| Our last weeks in Kathmandu We’re home again, in our own apartment, with kitchen, bathroom and study. Luxury is enjoyed most after a period of hardship and austerity. The last weeks of our half year stay in Kathmandu are graced with a busy program containing preparations for the following stage of our journey, negotiating with publishing houses and activities with our Dutch guests. The publication of the book written by Peter translated by me in English seems to become a reality when Vajra Publishers in Kathmandu, specialised in Buddhist books, show their genuine interest. In The Netherlands Spectrum Publishers seem to be very interested as well. We are glad that the months of hard work we have invested – most of it in the wintery cold - will pay off.
We check the bicycles and subject them to a final test, together with Sylvia, Gert and Mirjam, who ride on rented mountain bikes. We cycle to Nagarkot, a high viewpoint north west of Kathmandu, where we spend the night. En route we visit the village of Changu Narayan, one of the oldest places pilgrims go to in the valley. The temple, originating in the first centuries after Christ, is devoted to Vishnu after he fought the demon Chand.
The village of Nagarkot turns out to be the only feature at the viewpoint with the same name. One day we’ll return here to witness one of the most beautiful panoramas of the Himalayas, from the Annapurnas in the west to Everest in the east.

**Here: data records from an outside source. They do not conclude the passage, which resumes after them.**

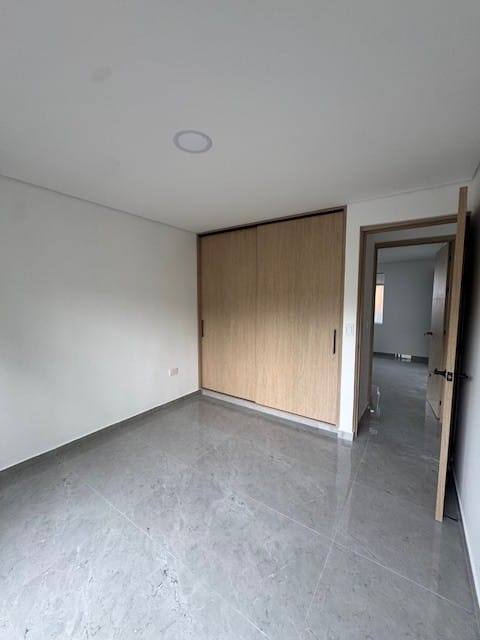 Apartamento de 3 alcobas en venta en Niquia, Bello, 74 m² · foto 5 de 16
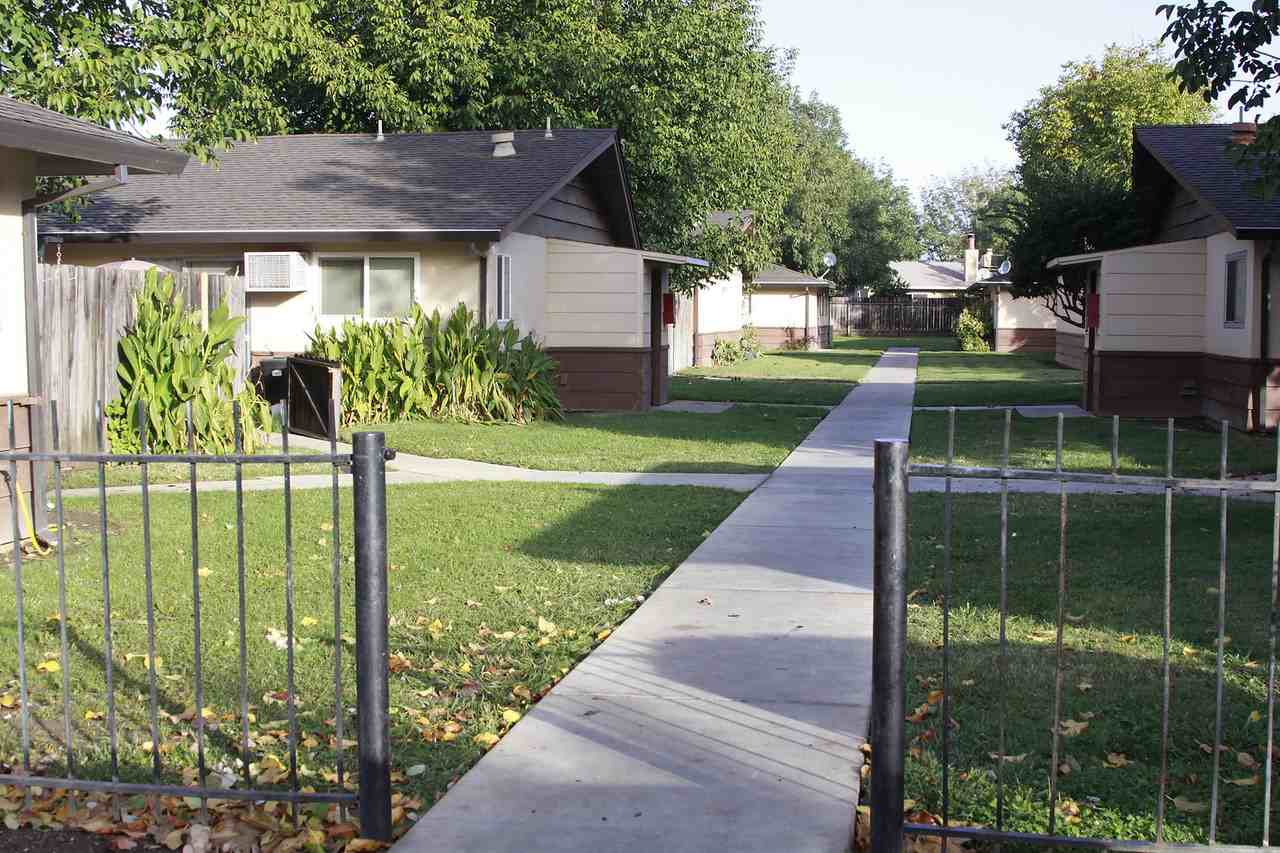 011 - Malvern Apartments - Photo 3 of 5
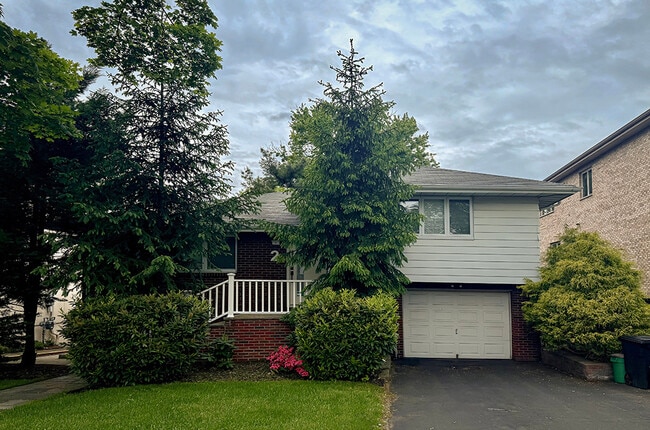 property at 2 Rossett St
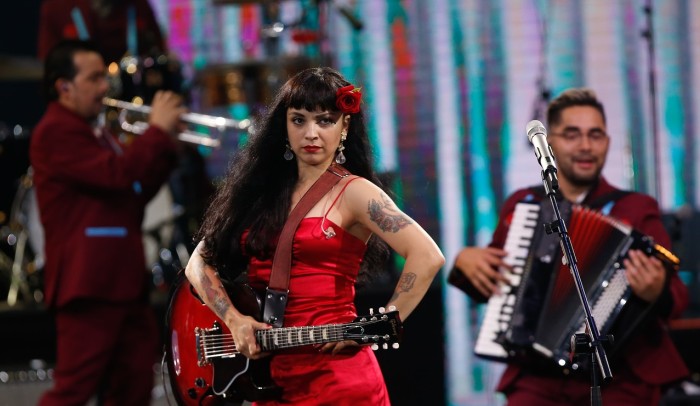 Joven cuya expresión en show de Mon Laferte se convirtió en meme respondió a burlas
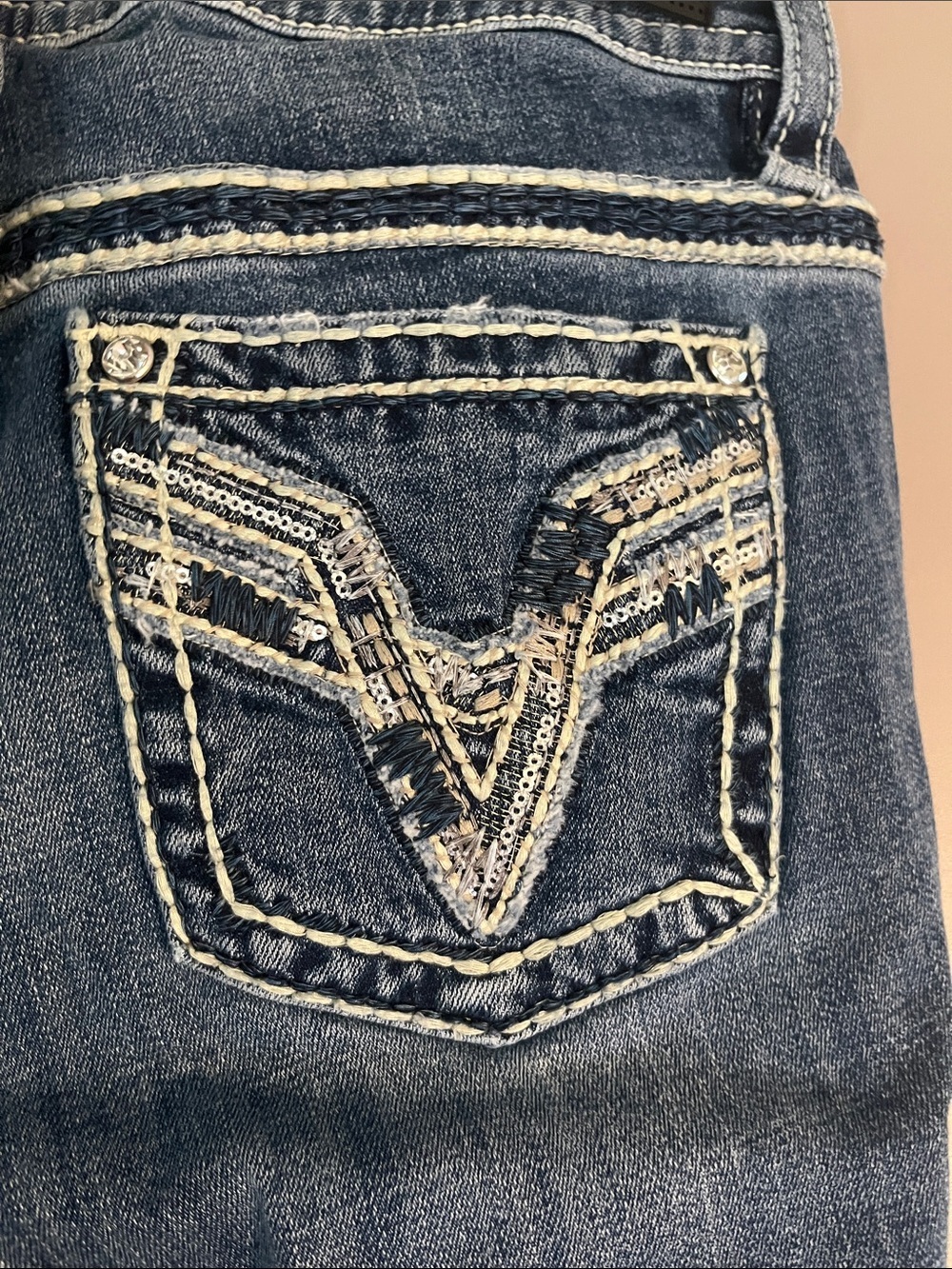 Vigoss Mid-Blue Straight-Leg Jeans with Subtle Distress - Picture 12 of 13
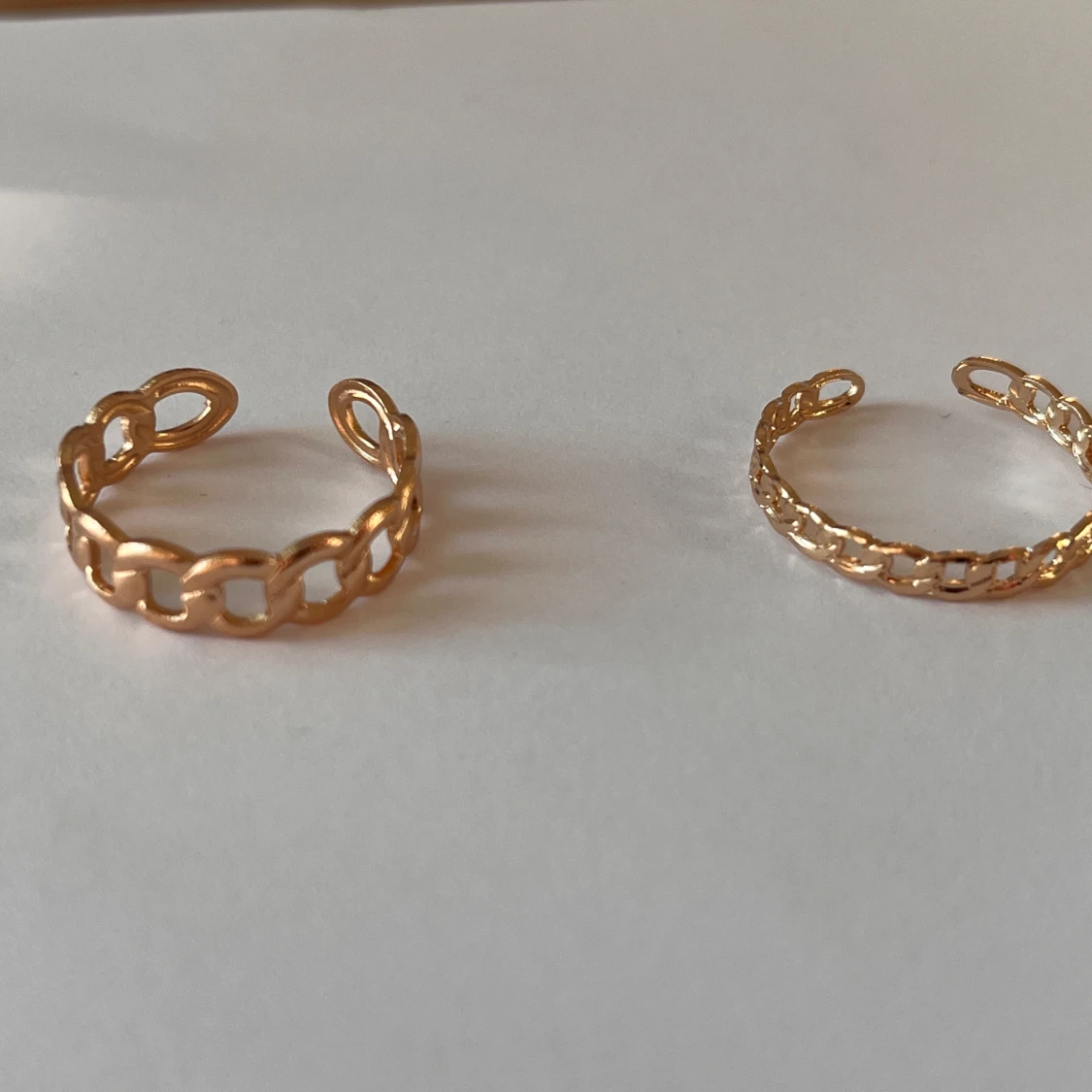 Ringar i guldimitation  - 90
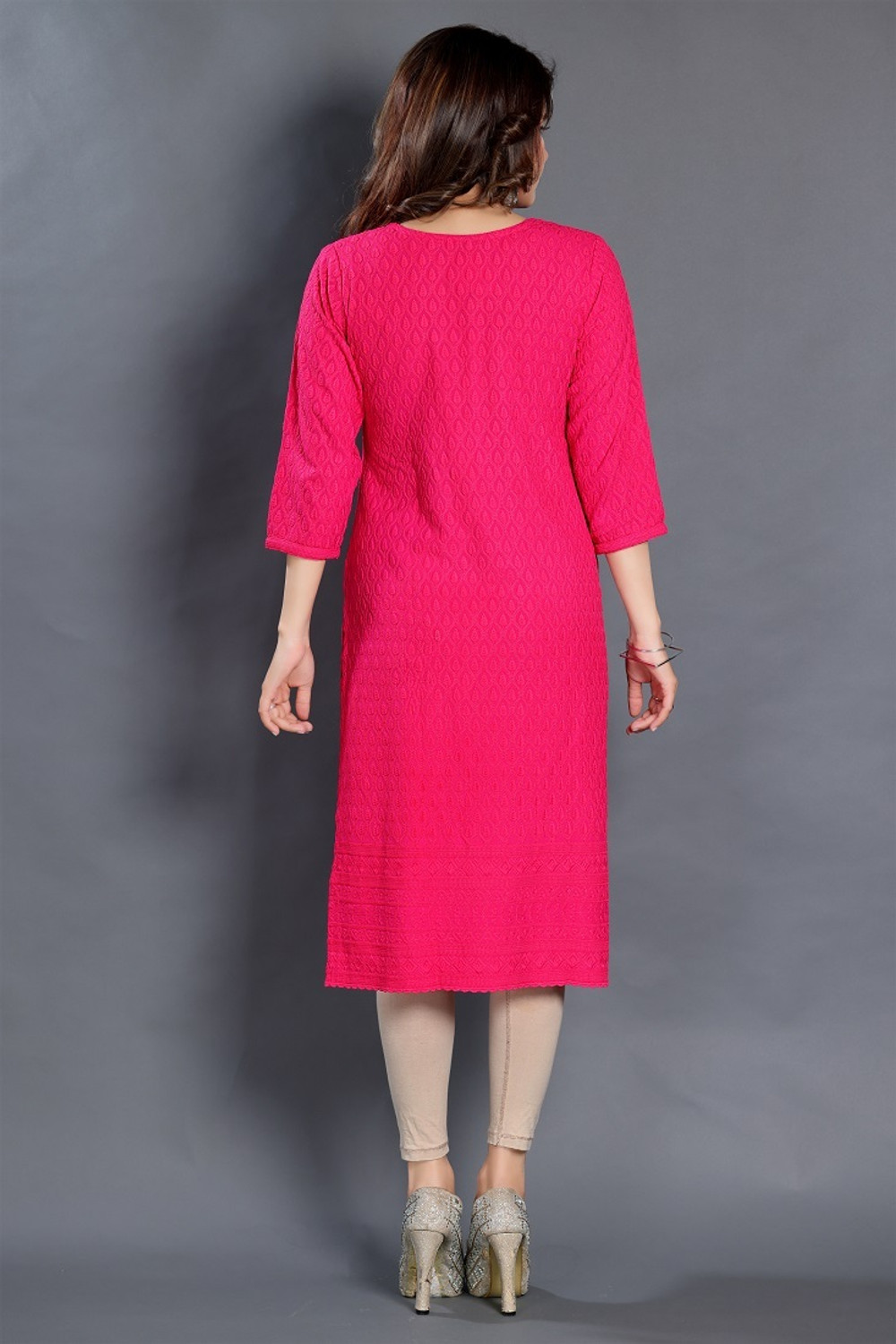 Image of Dream & Dzire Women Chikan Embroidery Straight Kurta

The second day of April we say goodbye to Mirjam for whom this was a first time she visited an undeveloped country, to which she nonetheless became really hooked the past four weeks. It was the first time during our five-year journey a non-family member paid us a visit and we sincerely hope it wasn’t the last. Sylvia and Gert start their big hike in Nepal, the Dolpo-trek in the western part of the country and one of the most difficult hikes possible. We undertake more beautiful cycling tours with Jan de Groot, who time and time again finds new and unknown paths to small temples and hidden villages.
With Jan and daughter Gita Morrenhof we enjoy delicious dinners and long conversations. Jan works as an agricultural consultant in Nepal and would like to stay here, even when his present contract ends in June. They live within a stone’s throw of our apartment and since a couple of months we visit each other quite regularly. Kari from the Netherlands consulate is another nice person we see from time to time. The shopkeepers in our neighbourhood know us by now, we even have subscribed to a newspaper and it seems like we have been living here forever.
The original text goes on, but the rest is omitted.